Collected data entries:
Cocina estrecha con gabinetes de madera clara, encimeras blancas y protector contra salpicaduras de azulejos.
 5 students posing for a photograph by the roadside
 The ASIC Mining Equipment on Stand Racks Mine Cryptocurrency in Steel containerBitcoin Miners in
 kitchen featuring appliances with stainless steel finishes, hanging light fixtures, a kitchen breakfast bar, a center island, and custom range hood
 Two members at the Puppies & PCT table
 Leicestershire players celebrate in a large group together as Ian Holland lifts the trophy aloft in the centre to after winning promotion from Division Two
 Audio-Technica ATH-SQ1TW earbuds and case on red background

**Exercise requirements**. Print every line of the records exactly. Omit nothing.

**Result**.
Cocina estrecha con gabinetes de madera clara, encimeras blancas y protector contra salpicaduras de azulejos.
 5 students posing for a photograph by the roadside
 The ASIC Mining Equipment on Stand Racks Mine Cryptocurrency in Steel containerBitcoin Miners in
 kitchen featuring appliances with stainless steel finishes, hanging light fixtures, a kitchen breakfast bar, a center island, and custom range hood
 Two members at the Puppies & PCT table
 Leicestershire players celebrate in a large group together as Ian Holland lifts the trophy aloft in the centre to after winning promotion from Division Two
 Audio-Technica ATH-SQ1TW earbuds and case on red background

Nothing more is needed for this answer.